For myself and the others left behind, the pandemic was still very visible in the next steps. Registering the death, making plans with the funeral director, talking with the civil celebrant was all done by phone. The funeral itself was restricted to 20 attendees and we had to wear masks in the funeral car, and only members from one household could be present in each funeral car. The funeral director and civil celebrant apologised on the day for not being able to shake my hand and Mum’s friends and family members all kept their distance, where normally there would have been a hug. There was no alcohol permitted at the traditional cup of tea afterwards, and although not a regular drinker myself, I would have really appreciated a drink and a hug at that point. It all felt a bit clinical if I’m honest.
It’s a few months on now and it still feels surreal in some ways, like it never really happened. It was so different to my previous experiences of cancer when other family members died, without the pandemic in the mix. On reflection, I can see that those past experiences were shared by other family members and friends, who were much more connected throughout the cancer journey in terms of visibly seeing the deterioration in physical health over time, being around at the end stage and at the planning of the funeral. This has felt a very single, detached experience, which has been very, very lonely at times.
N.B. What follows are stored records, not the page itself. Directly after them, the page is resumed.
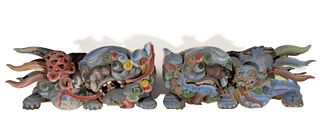 PAIR OF ASIAN CARVED AND PAINTED WOODEN FOO DOGS / DRAGONS,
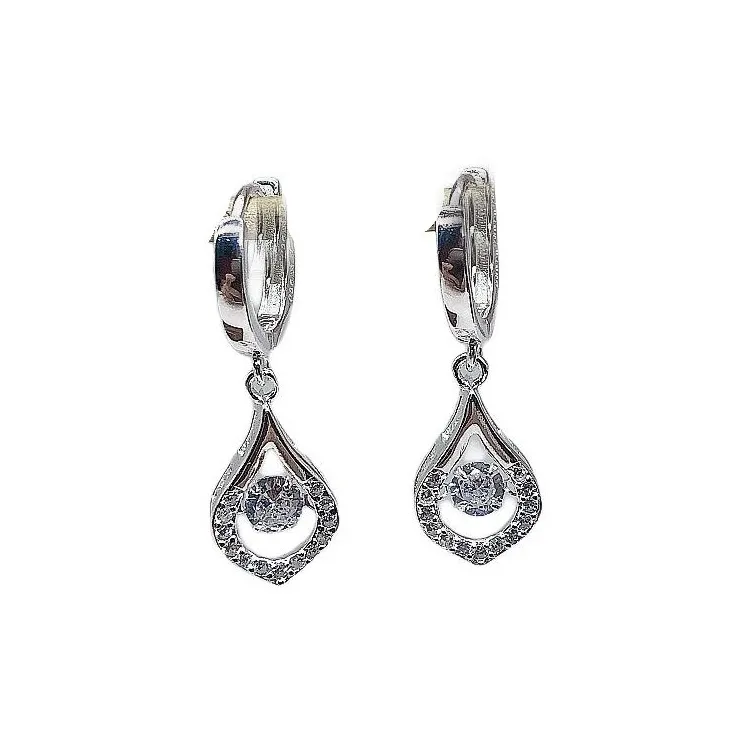 Stone Edge Poly Foot Silver 990 Sterling Silver Hoop Earrings Unisex-0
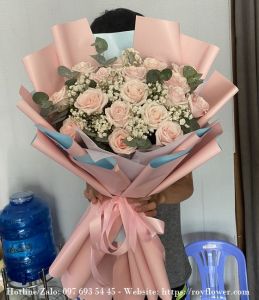 Bó hoa giá rẻ gửi ở Hoàn Kiếm - Mẫu hoa RFHN363 - Mặt Trăng Dịu Dàng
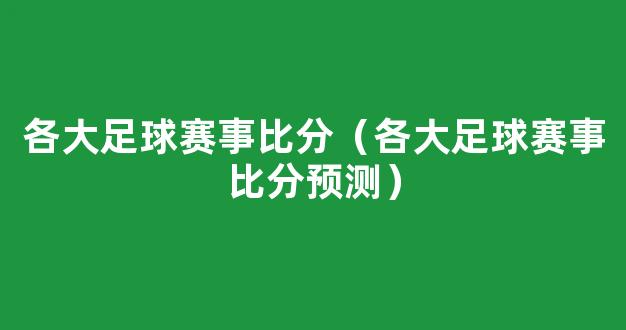 各大足球赛事比分（各大足球赛事比分预测）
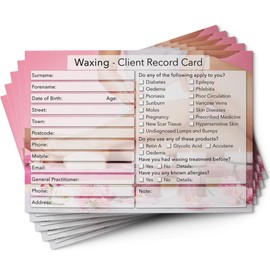 Waxing Client Cards A6 Size - Salon and Therapist Customer Consultation Record - Treatment Services Essentials - Profile and Recording Forms - Beauty Stationery - 105x148mm - Pack of 100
I am grateful to know that I can speak to Cruse Scotland at any point to discuss these feelings, and it’s an added bonus that it doesn’t need to be by phone! Currently they offer a helpline, webchat or email for initial enquiries, then support is available via video counselling sessions, phone or webchat thereafter.
If you know anyone going through a cancer journey, whether the patient themselves or a relative supporting them, there are lots of things you can do to show your support, despite the pandemic. Hospitals still allow cards delivered to the wards, so send a card to let the person know you are thinking of them. Make use of technology: use the phone, texts, facetime etc. It really helps people feel engaged with the outside world, and chat about normal stuff. Of course, you want to ask how they are feeling and how about their illness, but for most patients, they just want to speak about regular, normal stuff – so speak about what’s on the TV, the weather, and any decent gossip they might be interested in! If they don’t have a mobile with them, most hospital wards are now geared up with cordless phones which can be passed to patients. If they are hating the hospital food, you can organise to have their favourite takeaway delivered to them, or even an afternoon tea box. If they are at home, you can still send thoughtful things to them: flowers, a book or magazine, a food parcel… These small acts of kindness speak volumes.
Cancer is curable in so many cases, but for those who are going through treatment, or for whom their illness is terminal, let them know you care. You will be surprised how much your gesture will mean, particularly during the pandemic.